In Houston fürchtete man Ähnliches, und deswegen verließen die Menschen zu Hunderttausenden ihre Stadt. Zurück blieben Militär, Polizei, Rettungskräfte und viele Journalisten. Die Preise in den wenigen offenen Hotels der Stadt stiegen in astronomische Höhen, Mietautos waren nur gegen eine horrende Kaution zu erhalten.

Fast 2000 Tote

„Die Presse“ bildet mit dem damaligen USA-Korrespondenten des ORF, Hanno Settele, eine Reportergemeinschaft. Es waren die einzigen österreichischen Medien, die aus der leeren Millionenstadt berichteten.

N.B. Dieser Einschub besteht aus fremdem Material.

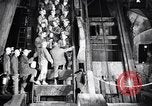 Standbild man-Auto Northern Michigan United States USA, 1927, aus Sekunde 62 historischem Filmmaterial Videoclip 65675030423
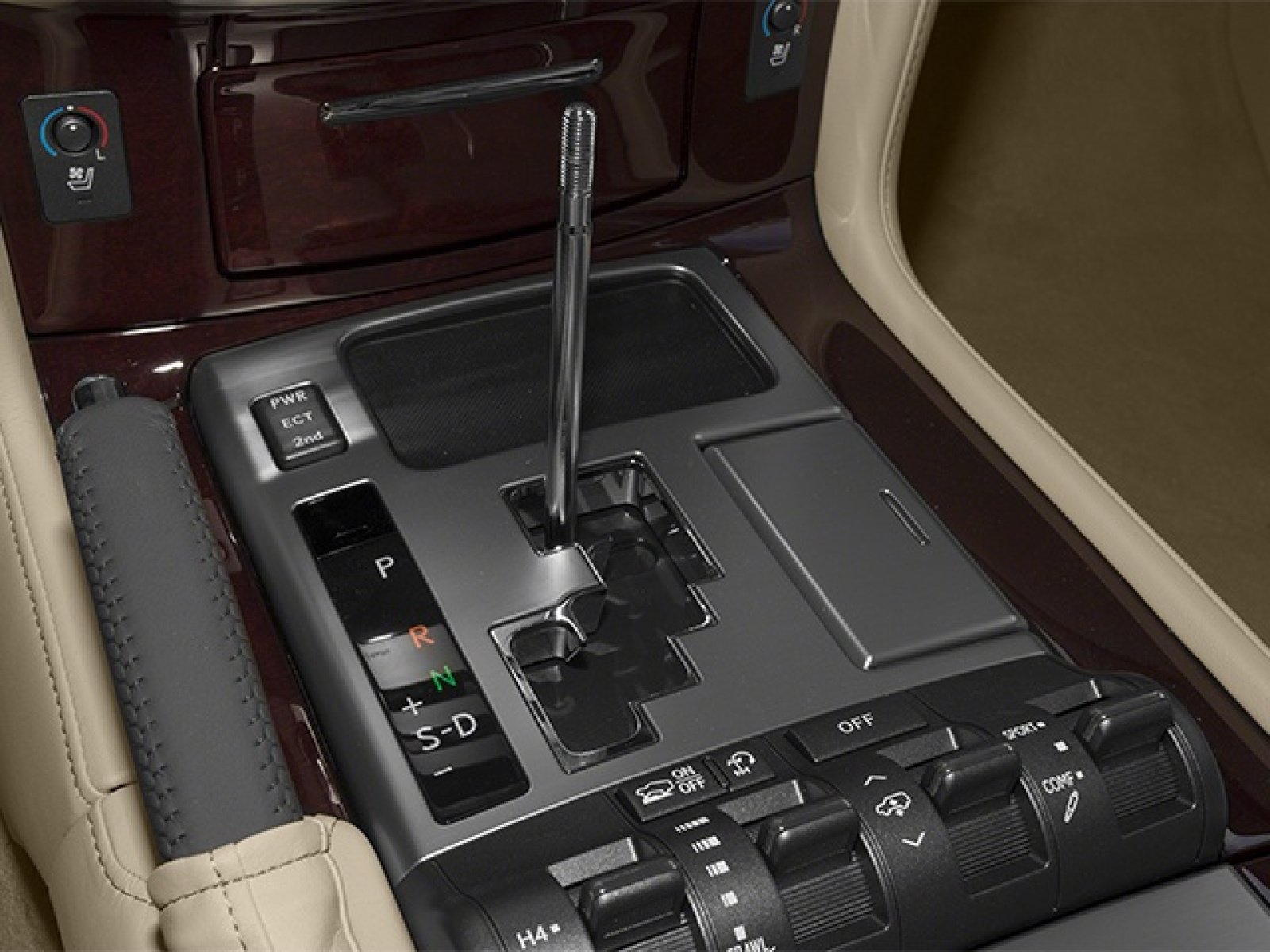 Used 2013 Lexus LX 570 4WD w/ Luxury Pkg image 11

Houston blieb damals, im Gegensatz zu heuer, verschont. „Rita“, der stärkste Hurrikan im Golf von Mexiko seit Beginn der Aufzeichnungen Mitte des 19. Jahrhunderts mit Windgeschwindigkeiten bis zu 290 km/h, schwächte sich vor dem Landfall deutlich ab. In Houston waren umgestürzte Bäume und Ampelmasten schon der größte Schaden.

Anders waren dagegen die Folgen von „Katrina“ wenige Wochen vorher. Es war nicht in erster Linie der Sturm selbst, der schwere Schäden in den Bundesstaaten Mississippi und Louisiana anrichtete, sondern das Wasser.

In New Orleans brachen die Dämme, die Stadt stand teils meterhoch unter Wasser. 1,3 Millionen Menschen waren geflohen, für die Zurückgebliebenen waren die Folgen verheerend. Es dauerte Tage, bis die staatliche Hilfe anlief und die Rettungskräfte die Stadt erreichten. Die Menschen waren auf sich allein gestellt. Der Superdome, das Football-Stadion in New Orleans, erlangte berüchtigte Berühmtheit: Zwischen 20.000 und 60.000 Menschen hatten sich hierher gerettet und waren lang ohne Wasser, Essen und Strom. Berichte über Morde und Vergewaltigungen schockierten die Öffentlichkeit. George W. Bush, damals US-Präsident, geriet wegen der schleppenden Hilfe massiv unter Beschuss. Der Chef des US-Katastrophenschutzes musste zurücktreten.

Durch „Katrina“ kamen knapp 2000 Menschen ums Leben, der Sachschaden belief sich auf etwas mehr als 100 Milliarden Dollar.

Viele Menschen, die damals New Orleans verließen, flüchteten nach Houston – und blieben dort, in der Hoffnung auf eine bessere Zukunft.